Task goal:
Output nothing except the lines from the one containing "1988 Mazda 323 Brake Booster 1" through the final line of the data, both included, typed exactly, minus the pictures.

(Dataset excerpts)
========================

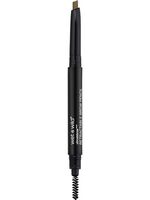 Карандаш для бровей "Ultimate Brow Retractable Pencil" тон: ash brown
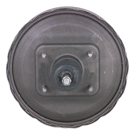 1988 Mazda 323 Brake Booster 1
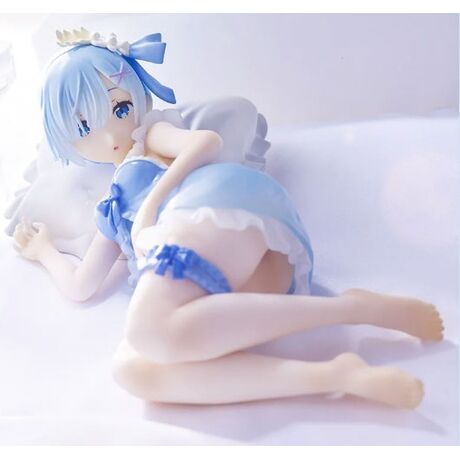 Re:Zero Rem Madoro Tea Party C
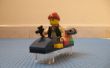 Lego ruimtevaartuig #2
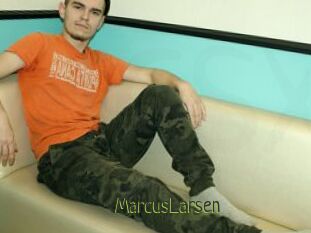 MarcusLarsen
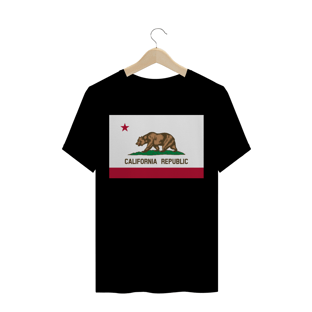 Nome do produtoCalifornia (T-shirt)
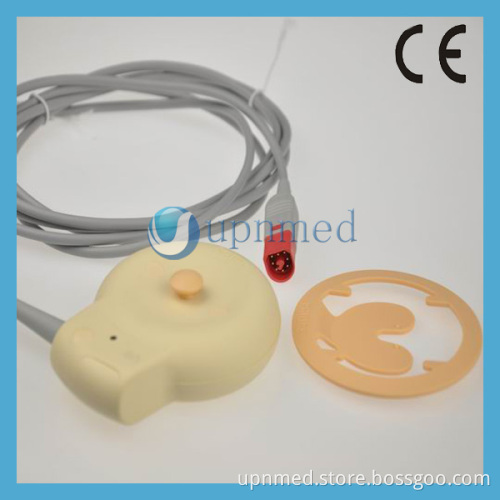 Toco Probe for Original Philps M2735A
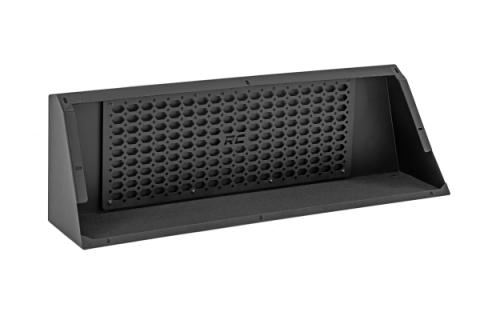 Bed Cap Molle Panel Side Storage Bin Drivers Side Multiple Makes &amp; Models (Chevy/Ford/GMC/Ram) Rough Country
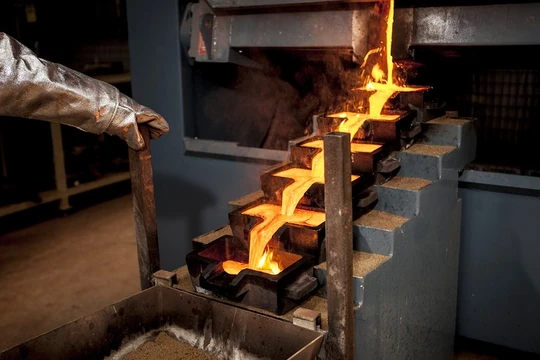 Giá USD rơi thấp, giá vàng sẽ tăng mạnh? (Nguồn: MarketWatch)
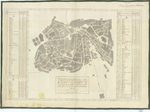 Scheda Mineo - Pianta topografica Urbana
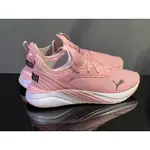 琳~PUMA 女慢跑鞋 黑37758007酒紅37758009粉37758008 舒適 台灣公司貨 現貨 原價2480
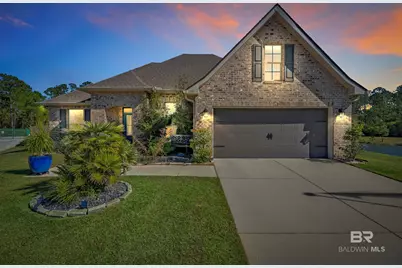 1802 Vivace Drive, Foley, AL 36535 - Photo 1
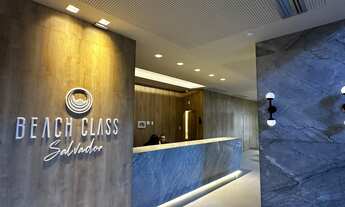 Imagem 2: Studio em Ondina com 1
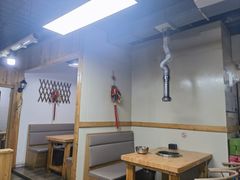 -朝鲜烤肉(安宁庄店)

========================

Output for this task:
 1988 Mazda 323 Brake Booster 1
 Re:Zero Rem Madoro Tea Party C
 Lego ruimtevaartuig #2
 MarcusLarsen
 Nome do produtoCalifornia (T-shirt)
 Toco Probe for Original Philps M2735A
 Bed Cap Molle Panel Side Storage Bin Drivers Side Multiple Makes &amp; Models (Chevy/Ford/GMC/Ram) Rough Country
 Giá USD rơi thấp, giá vàng sẽ tăng mạnh? (Nguồn: MarketWatch)
 Scheda Mineo - Pianta topografica Urbana
 琳~PUMA 女慢跑鞋 黑37758007酒紅37758009粉37758008 舒適 台灣公司貨 現貨 原價2480
 1802 Vivace Drive, Foley, AL 36535 - Photo 1
 Imagem 2: Studio em Ondina com 1
 -朝鲜烤肉(安宁庄店)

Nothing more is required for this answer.